“Celebrating the Lewis Collection: Marsden Hartley & Fellow American Modernists" at the Figge Art Museum -- November 14.

Thursday, November 14, 6:30 p.m.

Figge Art Museum, 225 West Second Street, Davenport IA

In a fascinating program held at Davenport's Figge Art Museum on November 14, Celebrating the Lewis Collection: Marsden Hartley & Fellow American Modernists will find Gail R. Scott, director of the Marsden Hartley Legacy Project with Bates College Museum of Art, discussing the pioneering American modernist and the six works by Hartley recently gifted to the Figge by Linda and J. Randolph Lewis.

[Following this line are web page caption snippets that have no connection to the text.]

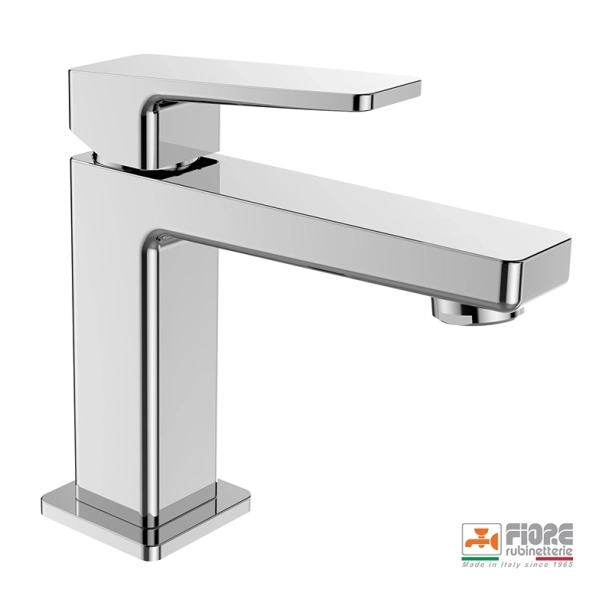 Fiore Dark 140CR4413 Μπαταρία Νιπτήρος, χρωμέ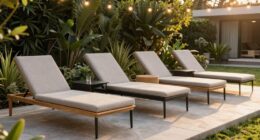top outdoor lounge tables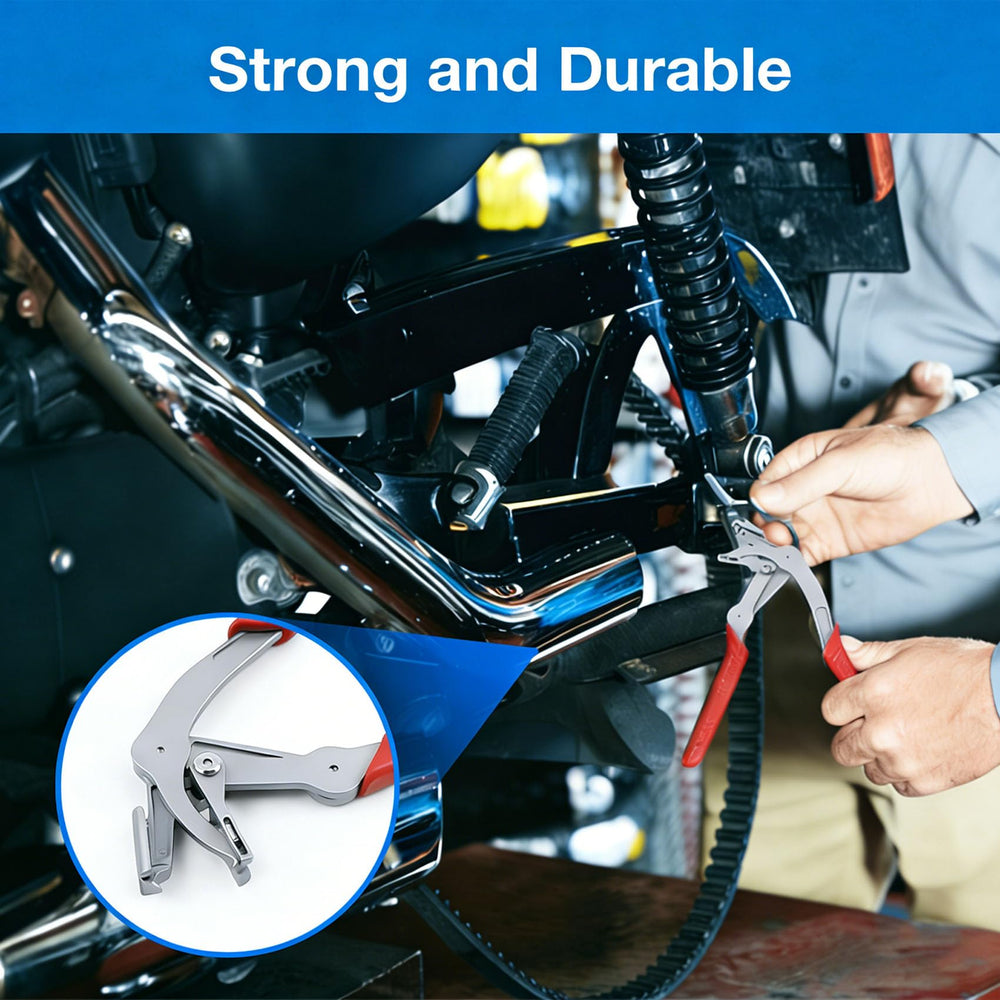 PFULTY 17-4 stainless steel build for durability in garage and roadside tasks.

Born in Lewiston, Maine in 1877, Hartley moved to New York City at age 22 to study painting at the New York School of Art under William Merritt Chase, and then attended the National Academy of Design. Hartley was a great admirer of Albert Pinkham Ryder, and his friendship with the artist, in addition to the writings of Walt Whitman and American transcendentalists Henry David Thoreau and Ralph Waldo Emerson, inspired him to view art as a spiritual quest.

From 1900 to 1910, Hartley spent his summers in Lewiston and the region of Western Maine near the village of Lovell. He considered the paintings he produced there—of Kezar Lake, the hillsides, and mountains—his first mature works. These paintings so impressed New York photographer and art promoter Alfred Stieglitz that he agreed on the spot to give Hartley his first solo exhibition at Stieglitz's art gallery 291 in 1909. Hartley continued to exhibit his work at 291 and Stieglitz's other galleries until 1937. Stieglitz also provided Hartley's introduction to European modernist painters, of whom Cézanne, Picasso, Kandinsky, and Matisse would prove the most influential upon him.

Hartley traveled to Europe for the first time in April 1912, and he became acquainted with Gertrude Stein's circle of avant-garde writers and artists in Paris. Stein, along with Hart Crane and Sherwood Anderson, encouraged Hartley to write as well as paint. In April 1913, Hartley relocated to Berlin, the capital of the German Empire where he continued to paint, and became friends with the painters Wassily Kandinsky and Franz Marc. His work during this period was a combination of abstraction and German Expressionism, fueled by his personal brand of mysticism. Many of Hartley's Berlin paintings were further inspired by the German military pageantry then on display, though his view of this subject changed after the outbreak of World War I, once war was no longer "a romantic but a real reality."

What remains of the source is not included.